In the 1942 film, Humphrey Bogart played a club owner who romances a married Ingrid Bergman and helps her escape the Nazis with her husband, a resistance leader.
“My film will be a tribute to the original,” said Nath, the director who plans to premiere his Malayalam language remake, Ezham Mudra (The Seventh Seal), in the coastal Moroccan city where the original was set.
“As a student of films, I had watched this great classic 20 times.”
Nath's protagonist is an Indian diplomat-turned restaurateur who helps his lover and her husband, both Tamil separatist rebels fighting the Sri Lankan government, escape from India.
In the adaptation, the hero and his lover meet in a beachside restaurant.
Nath says his film will swap the World War Two background of the original for the separatist movement in Sri Lanka - where Tamils have been fighting for a separate ethnic homeland in the north and east of the Indian Ocean island - but does not indulge in any politics.
“It is neither against nor in support of their cause,” said the 55-year-old director, who met some Tamil Tiger rebels during a trip to Norway.
The Sri Lankan civil war has killed nearly 70,000 people since 1983, about 4,500 of them since last year alone.
The war strikes a strong chord across the Palk Strait in southern India where more than 60 million Indian Tamils live. India has had a complex political and military link to the conflict and Tamil rebels have also taken refuge here.
Nath begins shooting next month and some parts are to be filmed in Sri Lanka.
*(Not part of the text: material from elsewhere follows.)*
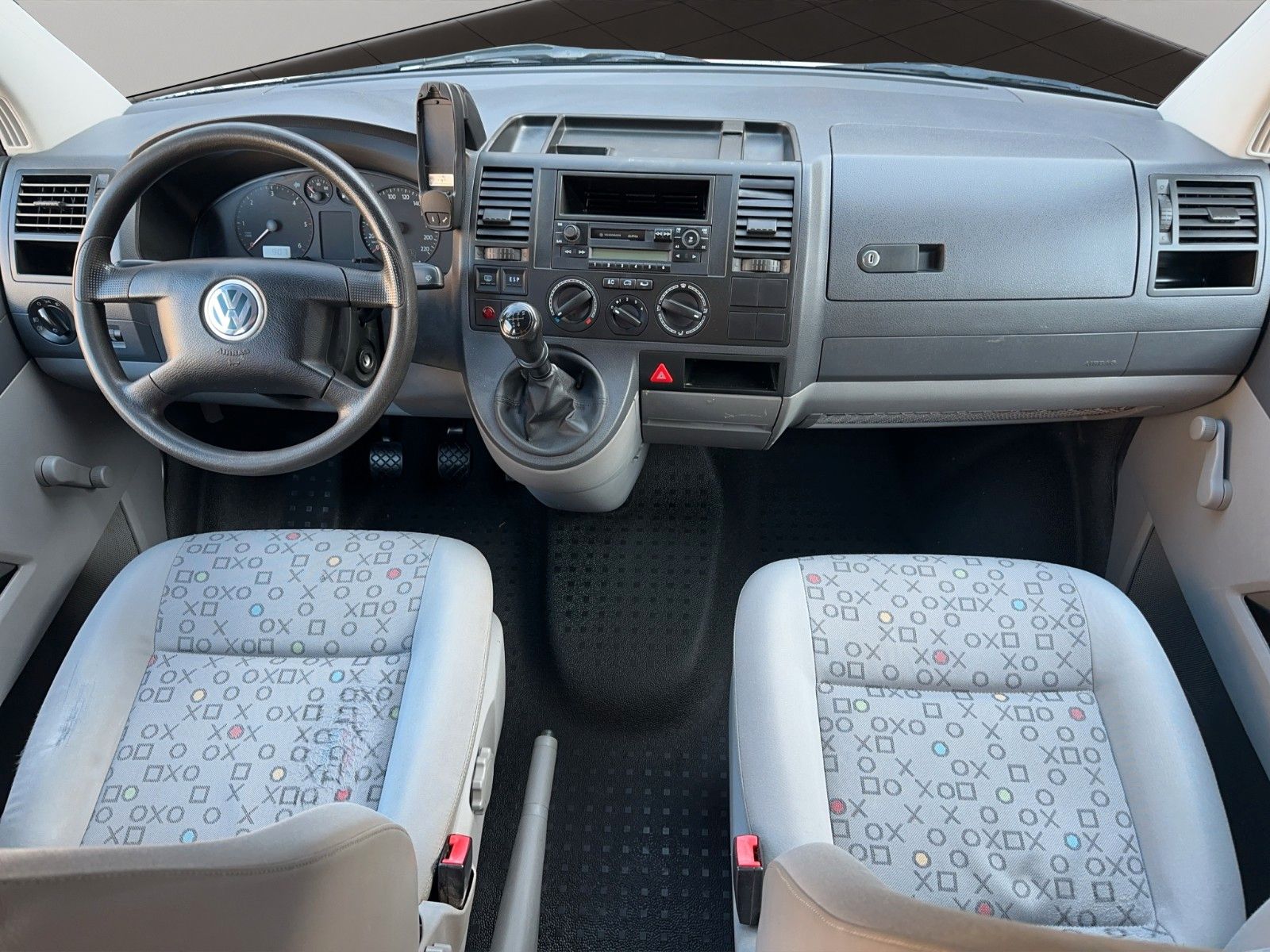 Fahrzeugabbildung Volkswagen T5 Shuttle lang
The film is slated for a 2008 release.
Ezham Mudra, which is Nath's 12th project as director, features Malayalam actor Suresh Gopi and Bollywood actress Mandira Bedi in the roles famously essayed by Bogart and Bergman.
Nath, who won India's prestigious national award for direction in 1999 for his Malayalam film Janani, said remaking Casablanca was a dream come true.
Casablanca ranked third after Citizen Kane and The Godfather on a list of 100 best American films in a poll conducted by the American Film Institute in 2007.